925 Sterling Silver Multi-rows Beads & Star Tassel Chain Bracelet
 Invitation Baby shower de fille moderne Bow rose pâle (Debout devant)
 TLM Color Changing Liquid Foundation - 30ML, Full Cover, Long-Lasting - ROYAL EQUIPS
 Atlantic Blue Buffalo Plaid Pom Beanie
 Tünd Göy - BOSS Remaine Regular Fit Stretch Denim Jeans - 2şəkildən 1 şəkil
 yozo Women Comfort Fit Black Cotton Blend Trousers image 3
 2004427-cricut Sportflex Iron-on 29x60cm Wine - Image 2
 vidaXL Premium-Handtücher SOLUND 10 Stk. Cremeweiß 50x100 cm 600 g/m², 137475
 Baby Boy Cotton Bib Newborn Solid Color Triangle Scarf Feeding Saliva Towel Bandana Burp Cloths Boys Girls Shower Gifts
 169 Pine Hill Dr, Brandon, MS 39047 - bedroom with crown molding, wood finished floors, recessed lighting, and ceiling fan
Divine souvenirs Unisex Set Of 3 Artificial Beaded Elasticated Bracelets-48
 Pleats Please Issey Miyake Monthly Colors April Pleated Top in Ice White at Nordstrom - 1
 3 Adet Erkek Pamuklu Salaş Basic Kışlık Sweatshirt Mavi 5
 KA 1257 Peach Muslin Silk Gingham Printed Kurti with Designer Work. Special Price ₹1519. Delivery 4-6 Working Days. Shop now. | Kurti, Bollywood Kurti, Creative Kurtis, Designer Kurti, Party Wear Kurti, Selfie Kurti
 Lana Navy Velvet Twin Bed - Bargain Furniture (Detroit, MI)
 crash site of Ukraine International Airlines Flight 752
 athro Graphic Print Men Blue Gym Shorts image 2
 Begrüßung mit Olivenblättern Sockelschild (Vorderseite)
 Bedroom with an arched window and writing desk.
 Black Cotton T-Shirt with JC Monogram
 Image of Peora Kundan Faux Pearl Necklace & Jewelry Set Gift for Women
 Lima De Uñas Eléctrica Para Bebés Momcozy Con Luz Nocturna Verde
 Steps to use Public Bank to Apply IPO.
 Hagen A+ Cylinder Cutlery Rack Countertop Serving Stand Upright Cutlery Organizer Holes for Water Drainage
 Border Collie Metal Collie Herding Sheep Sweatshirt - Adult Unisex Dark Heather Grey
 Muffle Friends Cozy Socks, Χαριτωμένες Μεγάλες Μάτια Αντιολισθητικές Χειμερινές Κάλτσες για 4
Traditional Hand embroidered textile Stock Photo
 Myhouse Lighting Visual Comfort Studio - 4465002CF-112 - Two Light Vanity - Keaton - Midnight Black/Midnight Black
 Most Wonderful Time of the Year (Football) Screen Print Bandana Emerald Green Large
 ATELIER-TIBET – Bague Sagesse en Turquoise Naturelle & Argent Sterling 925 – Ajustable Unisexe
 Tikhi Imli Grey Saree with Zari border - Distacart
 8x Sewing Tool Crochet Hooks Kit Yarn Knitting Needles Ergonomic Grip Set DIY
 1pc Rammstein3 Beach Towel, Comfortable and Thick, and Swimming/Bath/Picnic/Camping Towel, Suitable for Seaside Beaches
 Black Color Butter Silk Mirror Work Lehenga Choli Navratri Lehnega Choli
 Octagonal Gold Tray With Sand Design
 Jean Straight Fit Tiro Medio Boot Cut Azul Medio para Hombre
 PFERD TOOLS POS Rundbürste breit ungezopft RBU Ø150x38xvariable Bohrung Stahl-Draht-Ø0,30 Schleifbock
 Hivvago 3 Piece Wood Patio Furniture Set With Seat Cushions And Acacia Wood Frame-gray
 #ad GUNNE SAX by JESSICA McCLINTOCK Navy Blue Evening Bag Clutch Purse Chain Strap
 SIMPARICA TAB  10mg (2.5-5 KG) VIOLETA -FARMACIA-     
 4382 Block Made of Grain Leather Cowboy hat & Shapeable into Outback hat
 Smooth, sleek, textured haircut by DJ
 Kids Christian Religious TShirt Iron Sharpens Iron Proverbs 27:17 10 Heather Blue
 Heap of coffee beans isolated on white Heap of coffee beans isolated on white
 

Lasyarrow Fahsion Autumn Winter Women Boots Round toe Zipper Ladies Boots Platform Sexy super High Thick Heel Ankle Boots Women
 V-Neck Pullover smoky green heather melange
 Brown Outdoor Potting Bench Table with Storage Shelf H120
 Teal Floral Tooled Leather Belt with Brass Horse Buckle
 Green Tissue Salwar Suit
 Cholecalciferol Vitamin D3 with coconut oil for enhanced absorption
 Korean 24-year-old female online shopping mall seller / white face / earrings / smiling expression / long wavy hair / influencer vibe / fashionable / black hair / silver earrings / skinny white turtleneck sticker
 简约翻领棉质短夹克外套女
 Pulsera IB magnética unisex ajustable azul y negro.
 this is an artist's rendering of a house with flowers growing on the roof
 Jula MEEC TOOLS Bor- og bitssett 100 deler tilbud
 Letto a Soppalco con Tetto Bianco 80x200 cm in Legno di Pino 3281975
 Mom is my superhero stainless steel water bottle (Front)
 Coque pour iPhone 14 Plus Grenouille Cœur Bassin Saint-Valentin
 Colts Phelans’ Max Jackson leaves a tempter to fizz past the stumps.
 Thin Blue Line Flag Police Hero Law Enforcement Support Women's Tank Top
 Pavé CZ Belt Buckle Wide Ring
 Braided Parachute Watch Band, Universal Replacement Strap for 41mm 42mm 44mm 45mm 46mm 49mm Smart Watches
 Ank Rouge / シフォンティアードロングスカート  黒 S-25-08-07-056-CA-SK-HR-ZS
◆ ◆ ◆ ◆ ◆ ◆ ◆
Give back, word for word, the lines of the records that run from the one holding "Jula MEEC TOOLS" to the very last.

 Jula MEEC TOOLS Bor- og bitssett 100 deler tilbud
 Letto a Soppalco con Tetto Bianco 80x200 cm in Legno di Pino 3281975
 Mom is my superhero stainless steel water bottle (Front)
 Coque pour iPhone 14 Plus Grenouille Cœur Bassin Saint-Valentin
 Colts Phelans’ Max Jackson leaves a tempter to fizz past the stumps.
 Thin Blue Line Flag Police Hero Law Enforcement Support Women's Tank Top
 Pavé CZ Belt Buckle Wide Ring
 Braided Parachute Watch Band, Universal Replacement Strap for 41mm 42mm 44mm 45mm 46mm 49mm Smart Watches
 Ank Rouge / シフォンティアードロングスカート  黒 S-25-08-07-056-CA-SK-HR-ZS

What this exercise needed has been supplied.